Big banks used to lord over Singapore’s Central Business District (CBD), but a slew of painful job cuts at multinational finance firms means that office landlords will have to settle for lower rents as their key tenants grapple with escalating economic headwinds.
A report by DTZ showed that monthly office rents in the CBD declined for the third consecutive quarter in Q1, falling by 3.9% q-o-q to $9.90 per sq ft.
The unabated slowdown could be attributed to the continued weak performance of the services sector, particularly in financial services.
By the end of 2015, the number of workers made redundant in the financial services sector rose by 33% y-o-y to 1,710 from 1,290 in 2014.
Among the financial institutions that reported job cuts included Royal Bank of Scotland, Barclays, Standard Chartered, CIMB and Goldman Sachs.

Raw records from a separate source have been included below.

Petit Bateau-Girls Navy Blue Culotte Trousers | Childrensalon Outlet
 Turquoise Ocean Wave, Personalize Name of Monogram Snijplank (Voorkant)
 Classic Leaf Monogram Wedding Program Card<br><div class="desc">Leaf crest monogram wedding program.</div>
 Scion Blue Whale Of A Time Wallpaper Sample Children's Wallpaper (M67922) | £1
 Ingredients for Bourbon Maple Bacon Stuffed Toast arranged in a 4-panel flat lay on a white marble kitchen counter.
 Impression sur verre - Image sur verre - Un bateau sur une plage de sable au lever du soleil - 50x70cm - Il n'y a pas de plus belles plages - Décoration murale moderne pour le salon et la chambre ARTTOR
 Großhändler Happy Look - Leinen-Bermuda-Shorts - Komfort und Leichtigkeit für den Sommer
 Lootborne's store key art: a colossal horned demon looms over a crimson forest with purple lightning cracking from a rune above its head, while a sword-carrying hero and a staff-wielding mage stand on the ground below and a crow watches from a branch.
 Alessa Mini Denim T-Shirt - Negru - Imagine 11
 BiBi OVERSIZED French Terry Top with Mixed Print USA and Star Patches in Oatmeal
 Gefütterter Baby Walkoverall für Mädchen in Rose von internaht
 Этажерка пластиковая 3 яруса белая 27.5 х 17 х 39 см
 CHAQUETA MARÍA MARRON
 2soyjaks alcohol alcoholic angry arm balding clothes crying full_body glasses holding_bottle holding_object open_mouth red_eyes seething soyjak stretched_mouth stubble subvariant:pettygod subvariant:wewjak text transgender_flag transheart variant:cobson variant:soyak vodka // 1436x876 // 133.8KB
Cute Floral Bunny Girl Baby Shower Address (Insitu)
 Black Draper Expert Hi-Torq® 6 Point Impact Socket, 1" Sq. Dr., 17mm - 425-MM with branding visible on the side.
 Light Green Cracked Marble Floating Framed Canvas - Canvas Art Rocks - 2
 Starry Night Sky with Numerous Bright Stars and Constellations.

Other companies such as Credit Suisse and Deutsche Bank have initiated job cuts globally and Singapore is unlikely to be immune to the structural headwinds.
DTZ said that as large banks continue to downsize, office demand will be supported by firms in insurance, technology, social media and serviced office providers for the rest of 2016.
“More start-up companies will be formed as they leverage on the mobile and internet platform, and take advantage of government schemes and initiatives,” said Cheng Siow Ying, DTZ Executive Director of Business Space.
“These start-up companies prefer to locate in the CBD or established business clusters to attract and retain talent as well as to be close to their clients. Such co-working space becomes a viable option as it provides them flexibility in structuring service agreements attuned to their business needs,” she added.